WHAT NEEDS TO BE DONE: With the pictures left out, write out exactly the lines of the listing below that run from the line with "Panels of wall decoration 2024" through the line with "Shreya and the".

DATA FOR THIS TASK:
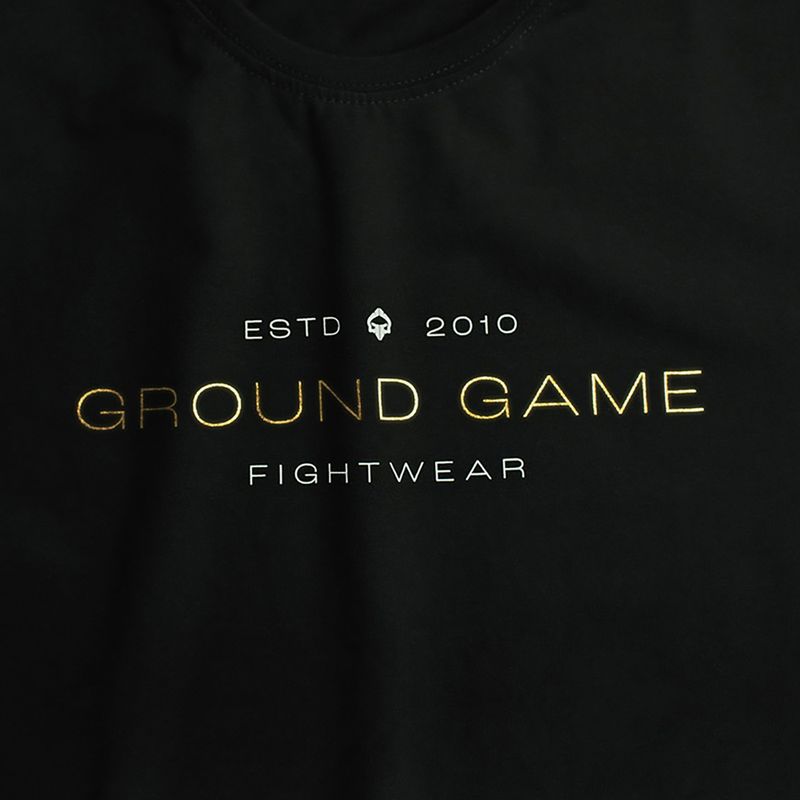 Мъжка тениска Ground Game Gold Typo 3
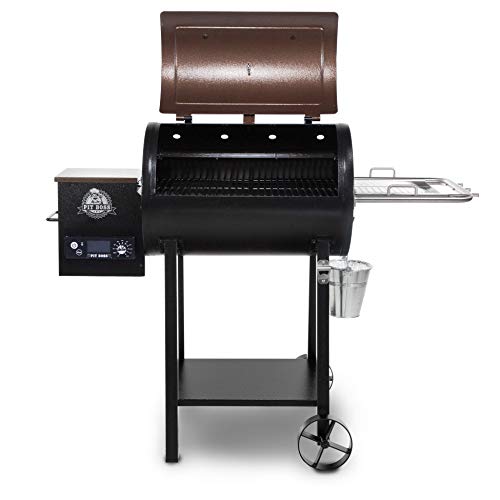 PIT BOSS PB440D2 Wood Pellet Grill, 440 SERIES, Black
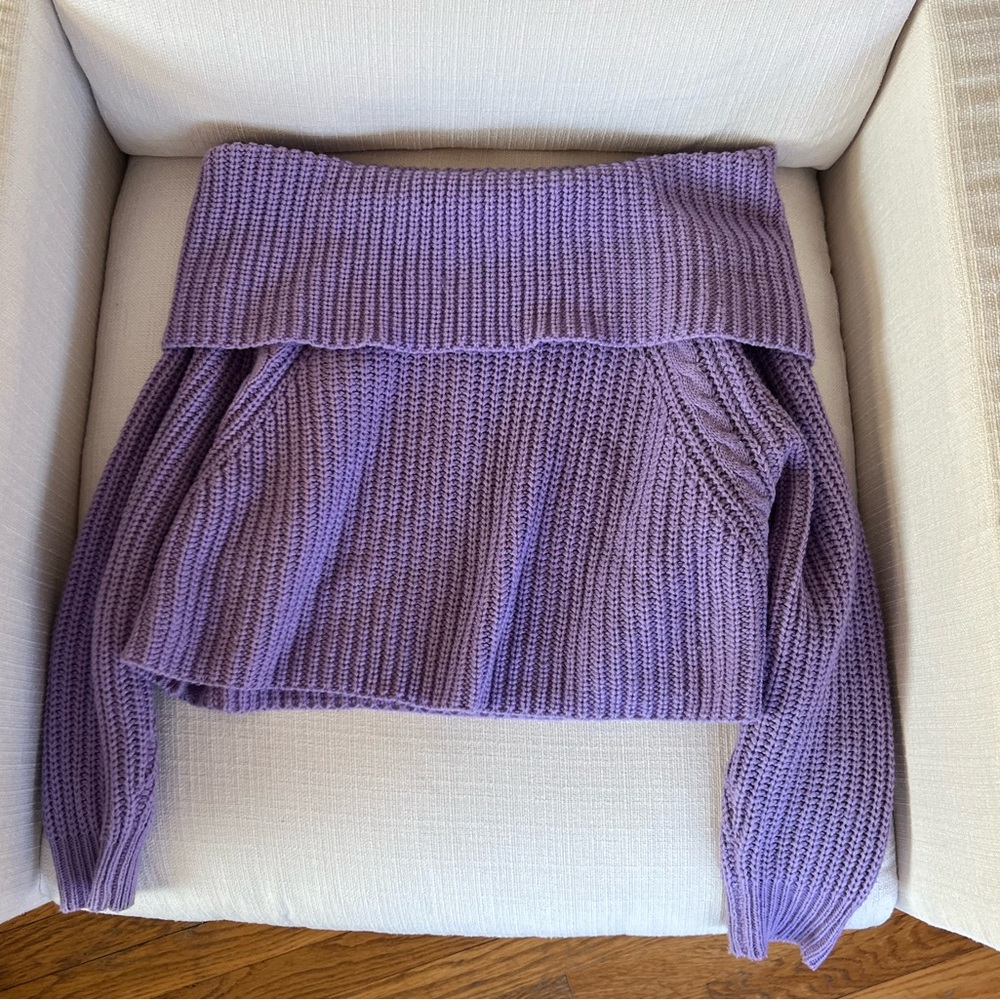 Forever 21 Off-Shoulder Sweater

==

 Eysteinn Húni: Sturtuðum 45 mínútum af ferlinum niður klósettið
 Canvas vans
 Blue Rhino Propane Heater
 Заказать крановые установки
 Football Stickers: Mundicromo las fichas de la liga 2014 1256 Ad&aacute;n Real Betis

---

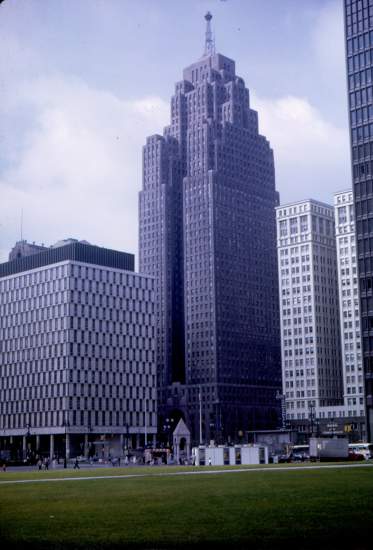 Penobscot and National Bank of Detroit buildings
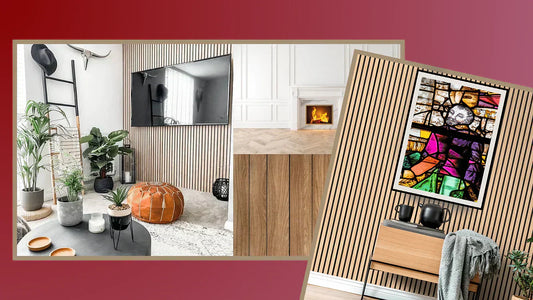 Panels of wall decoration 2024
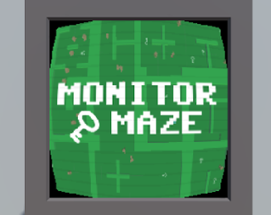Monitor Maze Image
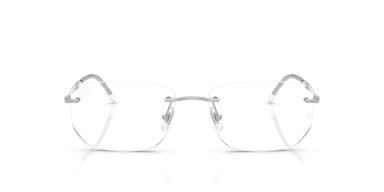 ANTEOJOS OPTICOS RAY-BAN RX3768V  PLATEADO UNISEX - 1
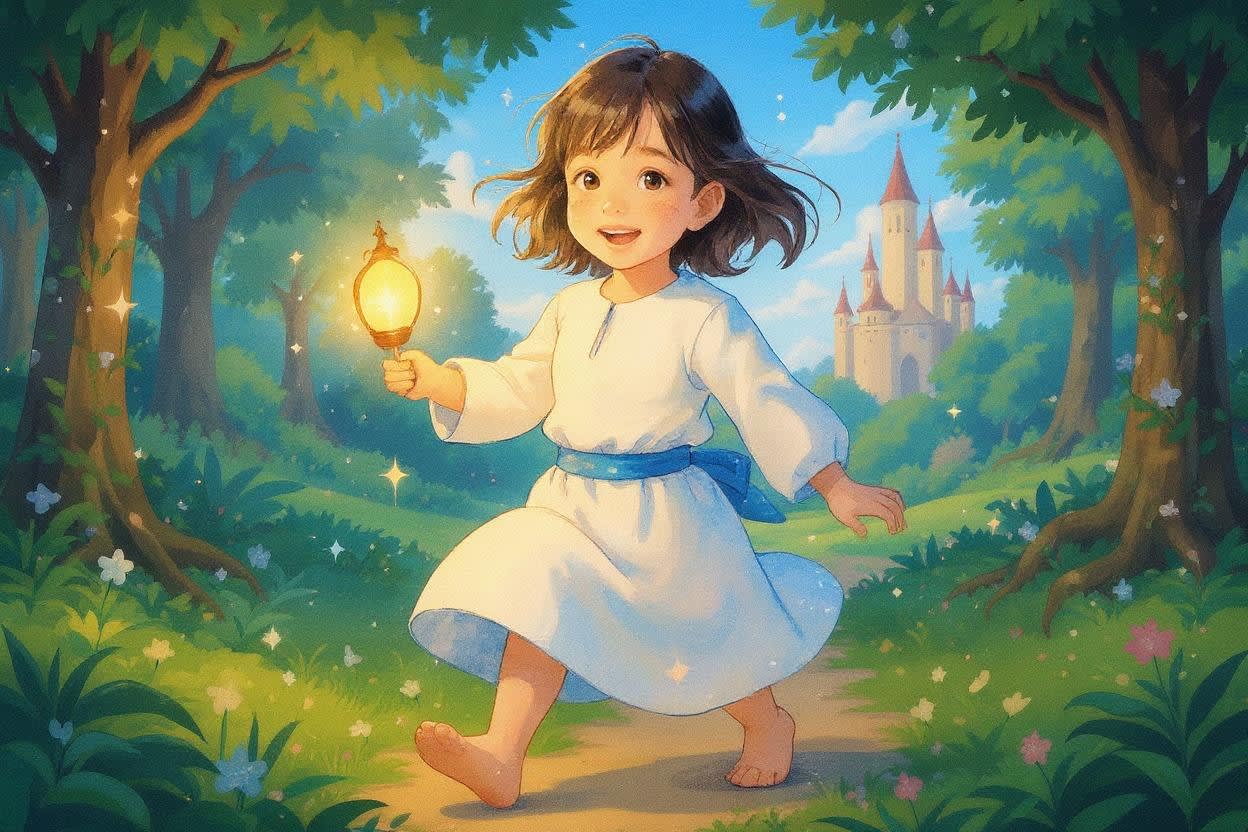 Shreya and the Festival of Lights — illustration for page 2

EXERCISE RESULT:
 Panels of wall decoration 2024
Monitor Maze Image
 ANTEOJOS OPTICOS RAY-BAN RX3768V  PLATEADO UNISEX - 1
 Shreya and the Festival of Lights — illustration for page 2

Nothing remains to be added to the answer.